Duane Jones, Claude Jones' son, said he was willing to accept the results of the testing, which could clear his father or confirm his conviction.
"Every chance we have ... to discover and expand on the truth, it is incumbent on our justice system to do just that," Duane Jones said.
Claude Jones was 60 when he was executed. His first robbery conviction was in 1959. He also served time in Kansas for robbery, murder and assault. While locked up there, he was convicted of killing a fellow inmate by throwing gasoline on him and setting him on fire. By 1984, however, he was out on parole despite a life term.
"If he was caught, he'd fess up to what he had done," Duane Jones said. "This was the only thing he ever denied. He said the only thing he had was his honor, and he was telling the truth about this thing."
Lab notes indicate the hair expert originally thought the sample size was too small. Also, the microscopic hair analysis done on the strand is now considered unreliable, Scheck said.
The hair must be transferred to a laboratory within 60 days, according to the order. The tests could link the hair to Jones, one of his alleged accomplices or the victim. It also could be a stray hair.
Scheck said if the test proves the hair did not come from Jones, it will show the state had no grounds on which to convict. In Texas, a defendant cannot be convicted on the testimony of an accomplice unless there is corroborating evidence, he said.

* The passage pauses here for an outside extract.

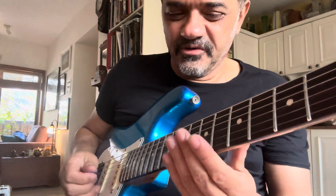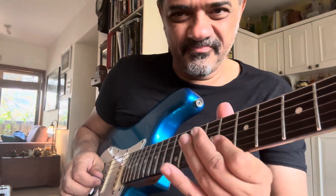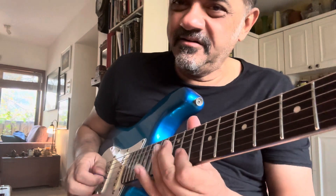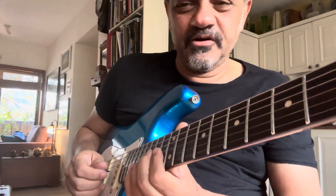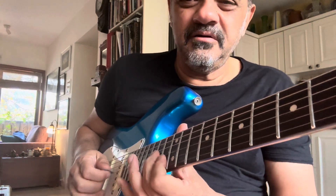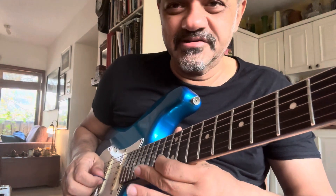Literally only Larry Carlton can do that. He's got a line that covers the F, this kind of implies an E-flat, and then going back to the F, resolving back to the C.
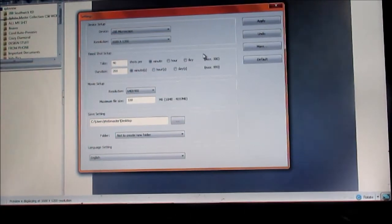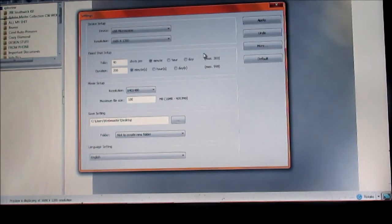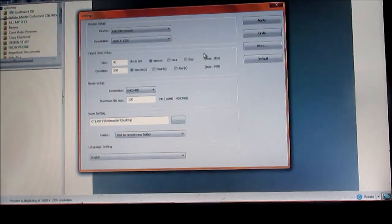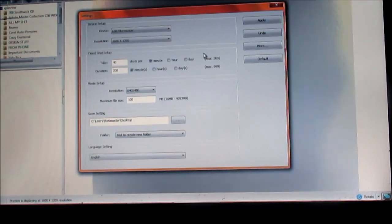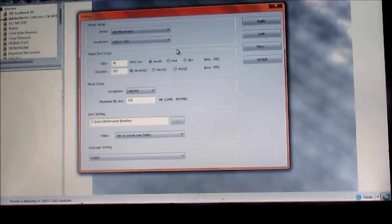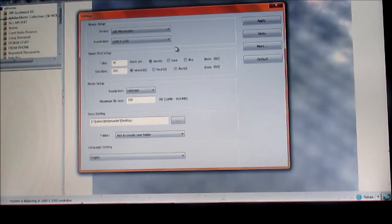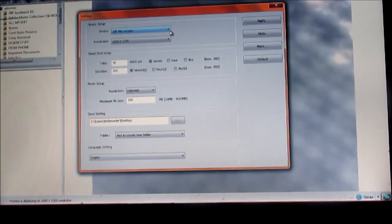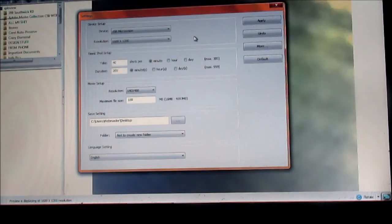I did have some trouble getting it to sync up — the lights on the microscope would come on briefly and then shut off, and even though there was no disconnect sound from the computer, it still wasn't registering in the drop-down. What I did was — it was set on the webcam — I messed with the resolution, and when I chose the interpolated resolution it kind of freaked out or something, and then all of a sudden the USB microscope was discoverable in the drop-down. I don't know exactly what I did, but it worked.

According to The Innocence Project, which obtained records in a Freedom of Information filing, Bush's staff never mentioned the possibility of DNA testing in briefing material given to the governor when he was considering a stay of execution.
Jones' execution was delayed for 30 minutes when jailers were unable to find a suitable vein in either arm. They eventually used a vein in his leg to inject a lethal cocktail of drugs.